Ho letto sul sito di Pietro Ichino gli appunti preparati da Augusto Barbera, professore di diritto costituzionale all’Università di Bologna, per l’audizione sull’Italicum che si è tenuta alla Camera il 13 aprile scorso. Per quei deputati della minoranza Pd che non vi hanno partecipato, e che si apprestano a fare scintille nell’aula di Montecitorio, ne riassumo in estrema sintesi due passaggi.

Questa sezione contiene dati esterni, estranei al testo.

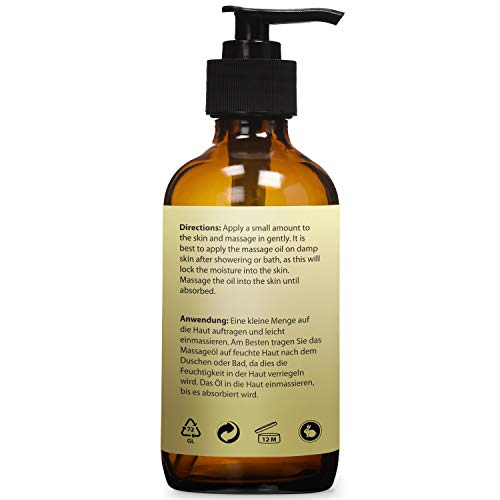 Aceite anticelulítico - Ingredientes naturales reafirmantes para reducir las estrías - Aceite nutritivo para masaje con aceites esenciales que reafirman la flacidez de la piel. Bioniva (1 x 236 ml)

1) Premio alla lista più votata e non alla coalizione di liste. È una soluzione che per Barbera tiene conto di una critica martellante che negli anni scorsi veniva rivolta a tutti i sistemi maggioritari: quella di dare vita a coalizioni rabberciate, idonee a vincere ma non in grado di governare. Critica non infondata (ricordate l’Ulivo di Prodi con il senatore Turigliatto?), che è stata alla base dell’iniziativa referendaria del 2009 (appoggiata da Walter Veltroni). È vero che la coalizione di liste può essere soppiantata da una “lista di coalizione”, ma si tratterebbe – chiosa il costituzionalista – di una lista pur sempre legata al medesimo programma e al medesimo leader, con non pochi benefici per la governabilità.

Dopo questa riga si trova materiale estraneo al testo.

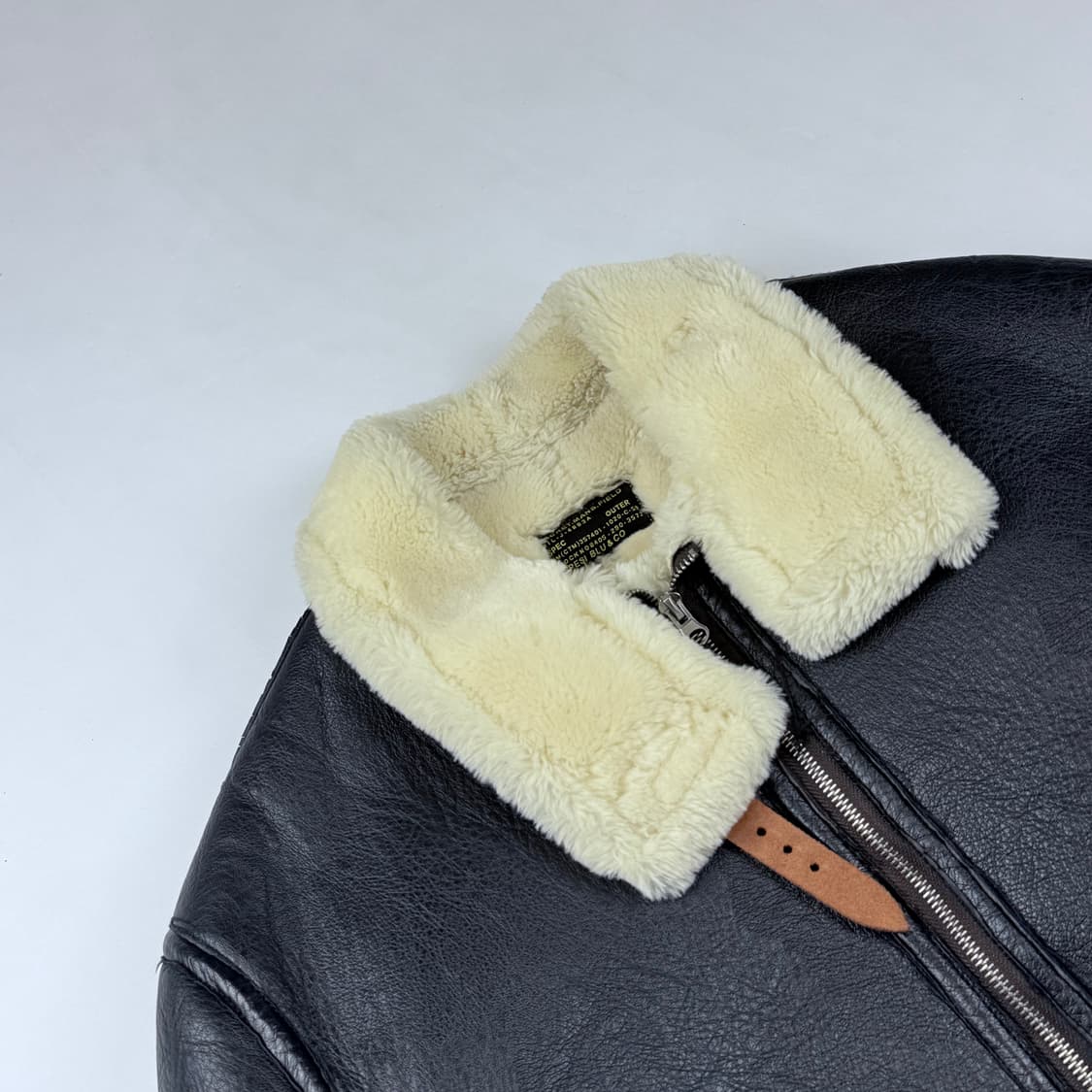 아스페시 쉽스킨 B6 무스탕 상품이미지2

2) Sistema delle preferenze. I suoi vantaggi e svantaggi sono arcinoti. Da male “assoluto” non possono però trasformarsi in “bene assoluto”. E, a proposito dei capilista nominati, nella prima Repubblica – dove i voti di preferenza contavano (nel bene e nel male) – c’è mai stato un capolista che non sia stato eletto? E ciò non avveniva proprio perché collocato dal proprio partito (quindi “nominato“) in quella posizione di visibilità e preminenza?

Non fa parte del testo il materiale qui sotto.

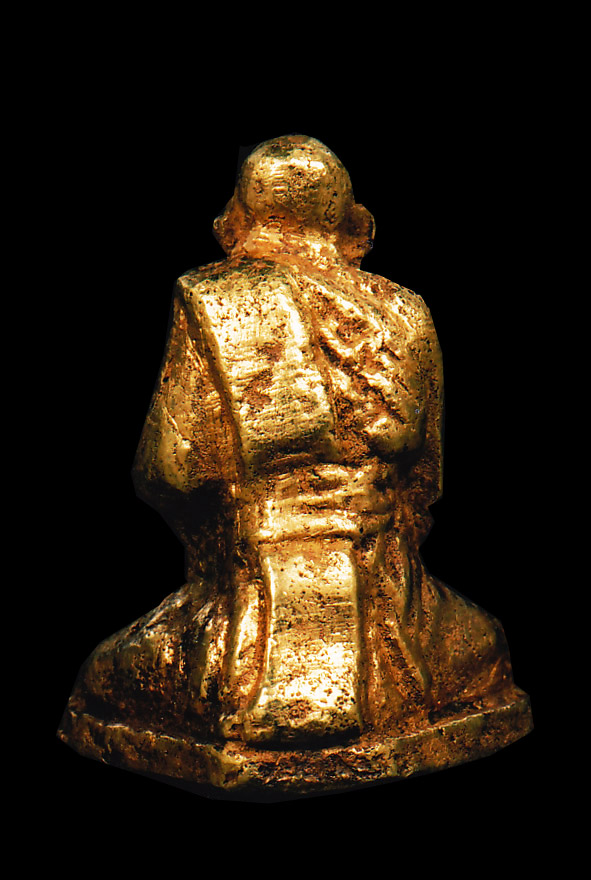 รูปหล่อรุ่นแรก เนื้อทองคำ หลวงปู่สี วัดสะแก จ.พระนครศรีอยุธยา ((หายาก)) - 2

Barbera, infine, chiede ai sostenitori dell’allargamento delle preferenze se non temono che il nuovo reato di “scambio politico elettorale” (la nuova formulazione dell’art.416 ter approvato nell’aprile 2014) possa appesantire il lavoro della Procure della Repubblica.

Fino a qualche anno fa, infatti, si consideravano virtuose le regioni ove si registrava un minor numero di preferenze esprimibili (il 15% circa in Lombardia o Veneto rispetto all’80% circa dei territori meridionali), perché meno inquinate da voti clientelari. Ma oggi, viste le infiltrazioni della criminalità organizzata anche nelle regioni settentrionali, dovrebbe preoccupare ancor più lo scarso ricorso al voto di preferenza (il controllo di poche centinaia di voti da parte di gruppi di pressione non sempre limpidi sarebbe più che sufficiente per eleggere il candidato “gradito”).